» Stored data:
[Start of Attachment]

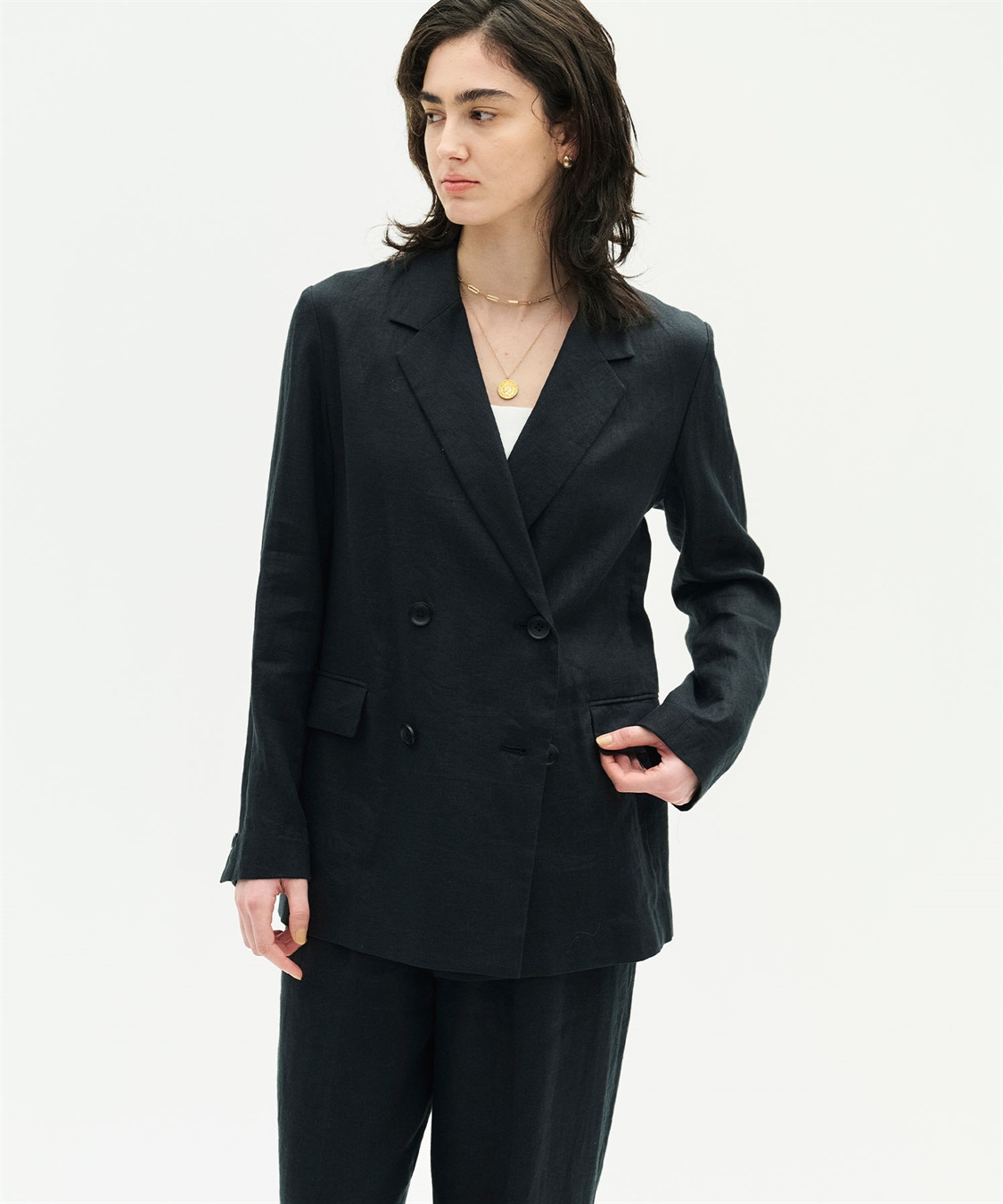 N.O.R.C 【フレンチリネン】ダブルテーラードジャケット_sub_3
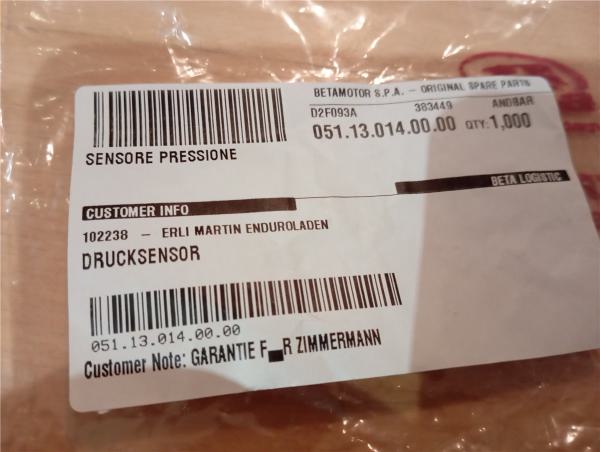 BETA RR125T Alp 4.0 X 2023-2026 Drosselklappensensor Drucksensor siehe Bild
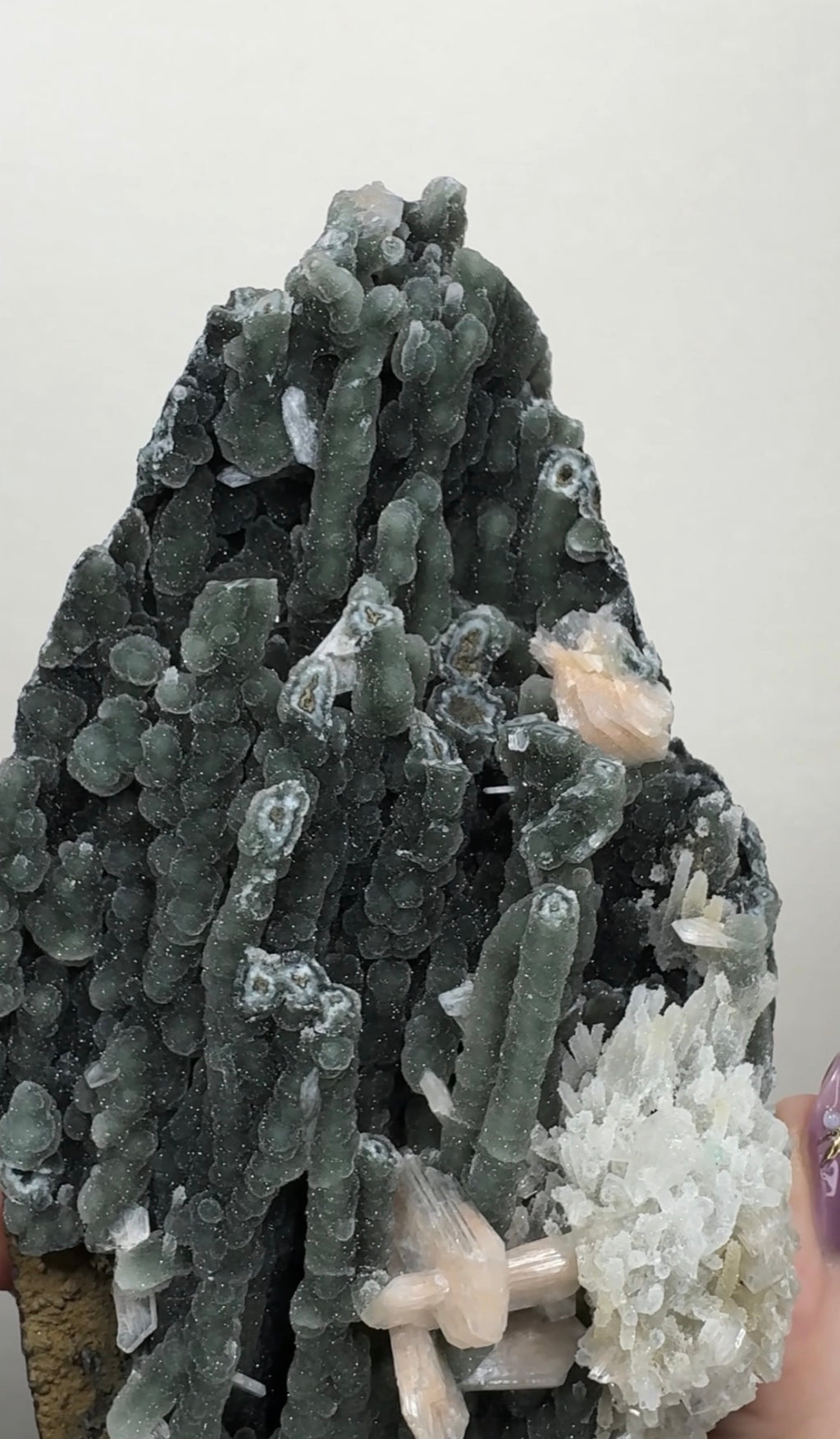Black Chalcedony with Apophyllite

[End of Attachment]

» Work item:
Give all the lines above again, character for character, without pictures.

» Answer for the task:
 N.O.R.C 【フレンチリネン】ダブルテーラードジャケット_sub_3
 BETA RR125T Alp 4.0 X 2023-2026 Drosselklappensensor Drucksensor siehe Bild
Black Chalcedony with Apophyllite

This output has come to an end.